Reconsidering min()?
I've done a little experiment: I run timeit.repeat 1000 times on a really simple statement. After that, I sorted the list and I grouped the results in time slices, counting the number of times a bench is inside a certain time slice. This way I have a sort of probability. Then I plot the result:
https://www.dropbox.com/s/f4naryc055k42cs/2020-07-24-080340_1366x768_scrot.png?dl=0
The result is quite interesting. As you can see, the distribution is not a normal distribution. It seems a multimodal normal distribution. Furthermore, the highest probability is near the minimum value, and not near the average (that is on the second peak).
Mean and stdev are only meaningful if the distribution is a normal distribution. It seems that the way you can have a sort of normal distribution is to consider only the first part of the plot.
Since pyperf returns mean and stdev, does it "cut" the slowest runs?
Hi,
I've done a little experiment: I run timeit.repeat 1000 times on a really simple statement
Are you talking about the timeit module of the Python standard library? You should use the pyperf timeit command instead. https://pyperf.readthedocs.io/en/latest/cli.html#timeit-cmd
As you can see, the distribution is not a normal distribution. It seems a multimodal normal distribution.
It seems like your benchmark has a flaw. Maybe you need to increase the number of warmup runs.
Read also https://pyperf.readthedocs.io/en/latest/system.html
I was a little confusing in my explaining. I post here my "steps to reproduce".
This is the tests done with pyperf without system tune (or with system reset):
(venv_3_10) marco@buzz:~$ python -m pyperf timeit --rigorous "key not in o" -s """
import uuid
o = {str(uuid.uuid4()) : str(uuid.uuid4()) for x in range(5)}
key = str(uuid.uuid4())
"""
.........................................
WARNING: the benchmark result may be unstable
* the standard deviation (3.53 ns) is 15% of the mean (23.5 ns)
* the maximum (50.2 ns) is 114% greater than the mean (23.5 ns)
Try to rerun the benchmark with more runs, values and/or loops.
Run 'python -m pyperf system tune' command to reduce the system jitter.
Use pyperf stats, pyperf dump and pyperf hist to analyze results.
Use --quiet option to hide these warnings.
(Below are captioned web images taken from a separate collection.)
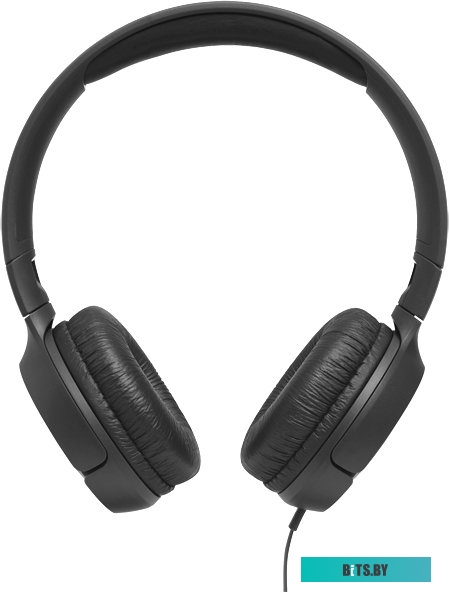 Наушники JBL Tune 500 (черный) <JBLT500BLK>
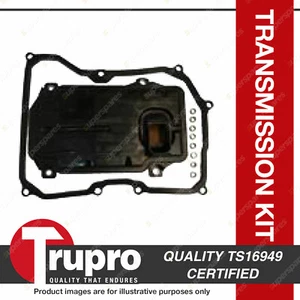 Trupro Transmission Filter Kit for Porsche Cayenne ALL 2010-ON TR80SD - Picture 1 of 2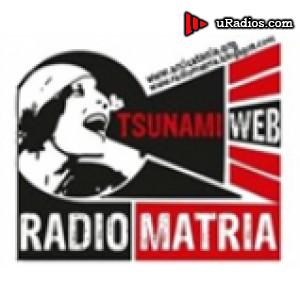 Radio Radio Matria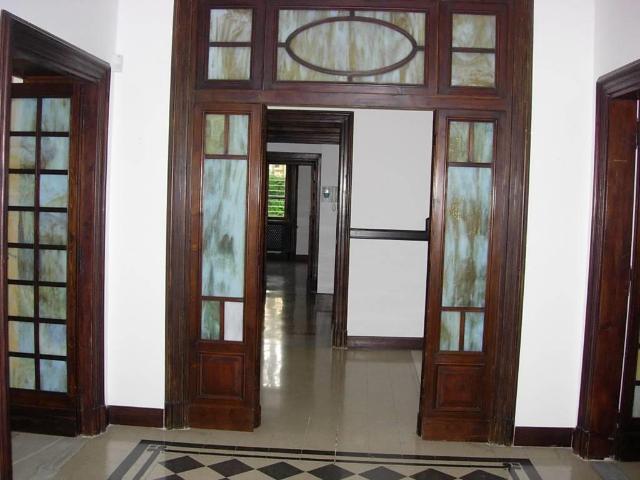 Villa Indipendente in affitto a Municipio Roma I, Roma Capitale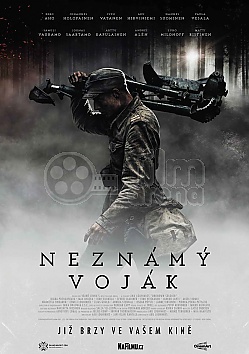 NEZN�M� VOJ�K
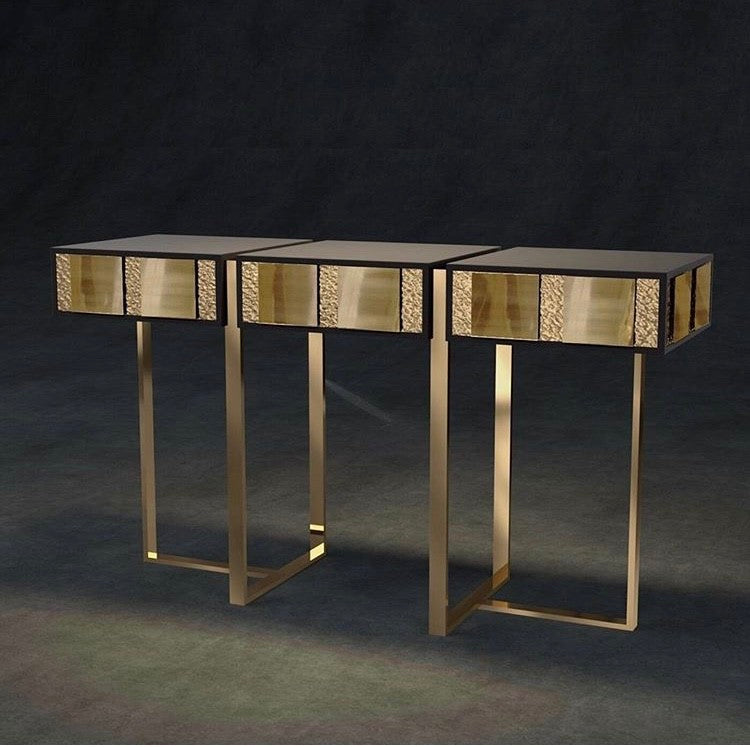 Castro Lighting Console MONDRIAN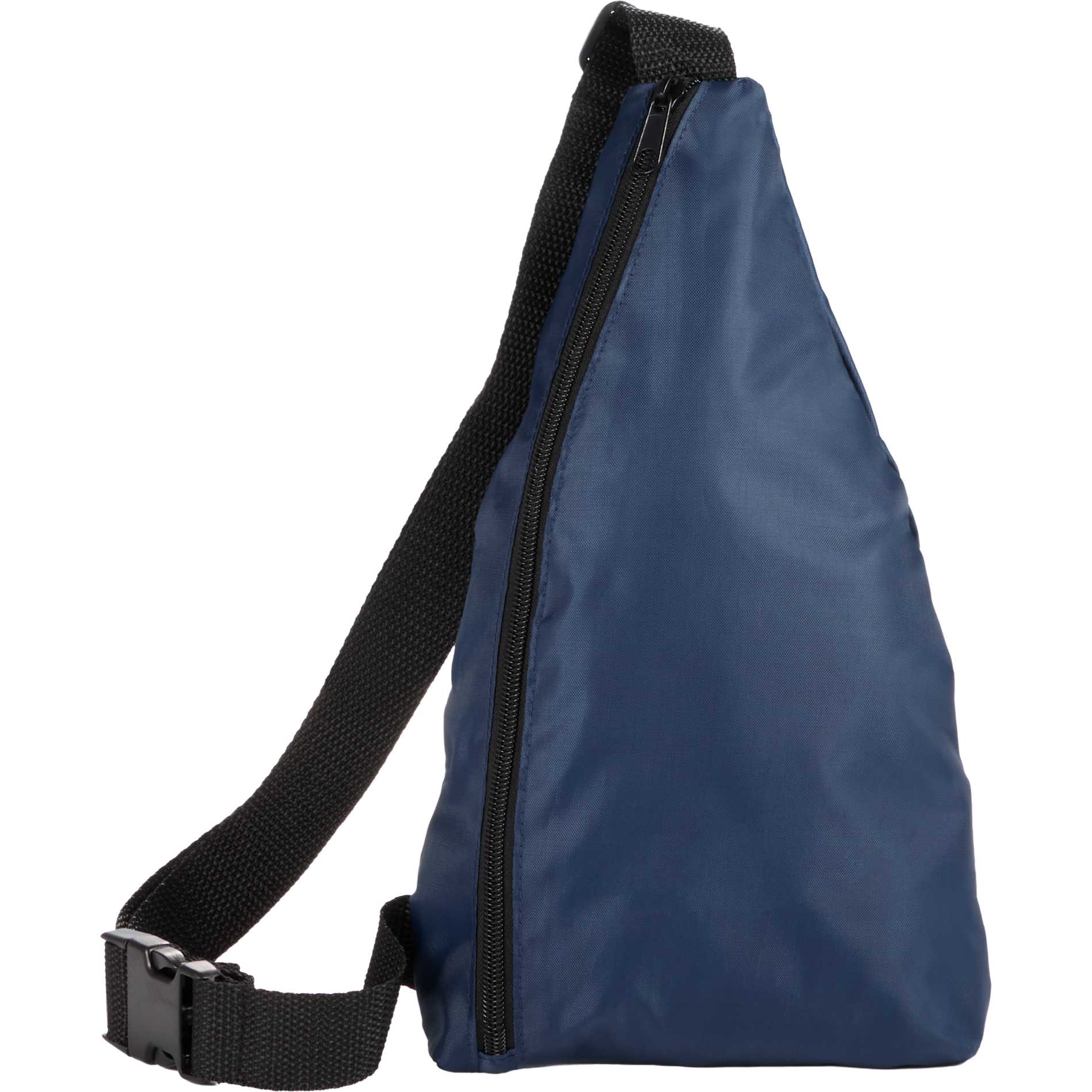 Simple Recycled Sling Pack 13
Mean +- std dev: 23.5 ns +- 3.5 ns
This is the tests done with pyperf with system tune:
(venv_3_10) marco@buzz:~$ sudo python -m pyperf system tune
[sudo] password for marco:
Tune the system configuration to run benchmarks
Actions
=======
Perf event: Max sample rate set to 1 per second
CPU Frequency: Minimum frequency of CPU 0-3 set to the maximum frequency
CPU scaling governor (intel_pstate): CPU scaling governor set to performance
Turbo Boost (intel_pstate): Turbo Boost disabled: '1' written into /sys/devices/system/cpu/intel_pstate/no_turbo
IRQ affinity: Stop irqbalance service
IRQ affinity: Set affinity of IRQ 122-124,126,129-131 to CPU 0-3
System state
============
CPU: use 4 logical CPUs: 0-3
Perf event: Maximum sample rate: 1 per second
ASLR: Full randomization
Linux scheduler: No CPU is isolated
CPU Frequency: 0-3=min=max=2600 MHz
CPU scaling governor (intel_pstate): performance
Turbo Boost (intel_pstate): Turbo Boost disabled
IRQ affinity: irqbalance service: inactive
IRQ affinity: Default IRQ affinity: CPU 0-3
IRQ affinity: IRQ affinity: IRQ 0-17,51,67,120-131=CPU 0-3
Power supply: the power cable is plugged
Advices
=======
Linux scheduler: Use isolcpus=<cpu list> kernel parameter to isolate CPUs
Linux scheduler: Use rcu_nocbs=<cpu list> kernel parameter (with isolcpus) to not schedule RCU on isolated CPUs
(venv_3_10) marco@buzz:~$ python -m pyperf timeit --rigorous "key not in o" -s """
import uuid
o = {str(uuid.uuid4()) : str(uuid.uuid4()) for x in range(5)}
key = str(uuid.uuid4())
"""
.........................................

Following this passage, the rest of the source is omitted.